Is this a clear improvement over the previous code? Or am I approaching all this from the wrong angle?

2
  • Is the size of the mock example representative of the size of the real code? The size and the complexity of the method are relevant in terms of how much benefit you can extract from following design principles. Another thing: Don't forget, the flip side of "reduce coupling" is "increase cohesion" - components that are cohesive naturally experience more coupling within that cohesive unit compared to the loose coupling between such components (you cannot eliminate all coupling, you have to be strategic about it). Mar 19, 2021 at 21:48
  • @FilipMilovanović: The functions in the code are often several hundred lines long and do mutliple things that are just somewhat related. Mar 20, 2021 at 13:03

1 Answer 1

2

Despite capturing everything, you aren't capturing enough. By doing that, you can pull things apart.

#include <cmath>
#include <iostream>
#include <string>
#include <vector>

auto make_report_deviation(int context_1, int context_2, int context_3) {
  return [=](std::string const &type) {
    std::cout << "Deviation in " << context_1 << " " << context_2 << " " << context_3 << " of type " << type << "." << std::endl;
  };
}

using ReportDeviation = std::function<void(std::string const&)>;

auto make_compare_and_replace(ReportDeviation report_deviation, double tolerance, std::string type) {
  return [=](double actual, double expected) {
    if (std::abs(actual - expected) > tolerance) {
      report_deviation(type);
    }
    return expected;
  }
}

As an aside, your compare_and_replace_multi is fairly similar to the BinaryOperation overload of std::transform.

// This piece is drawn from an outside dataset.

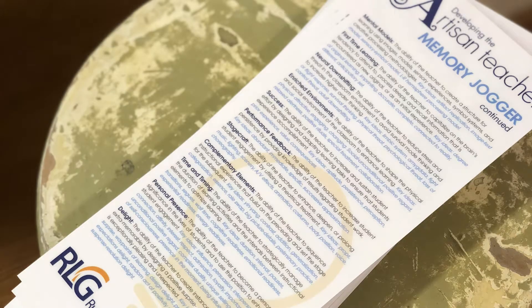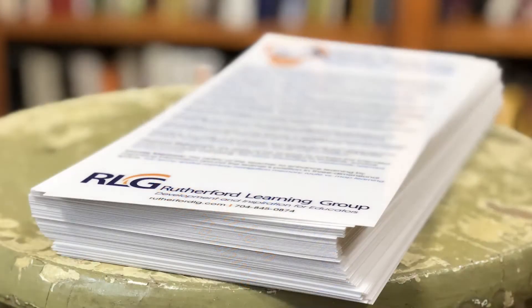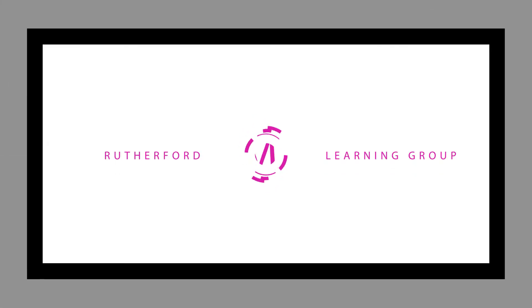Hey, life is busy, there's a lot to remember. The Memory Jogger card keeps all 23 Artisan Teacher themes kind of in the front of your mind so that you can be an even more keen observer of classroom instruction and be a better provider of feedback and coaching.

void checkpoint(std::vector<double> &actual, std::vector<double> const &expected, ReportDeviation report_deviation) {
  auto compare_and_replace = make_compare_and_replace(report_deviation, 0.1, "Widget");
  std::transform(actual.begin(), actual.end(), expected.begin(), actual.begin(), compare_and_replace);
}

I'd also want to have some checking that expected.size() was at least actual.size()

1
  • Both observations are correct. 1) The lambdas can be improved by passing in the context, which makes them independent, and testable. 2) That using std::transform improves the code by moving from an explicit loop to a call into an algorithm that someone else, someone pretty reliable, tested exhaustively - so you know it's going to work. What's left for it is so trivial the testing of it is also trivial.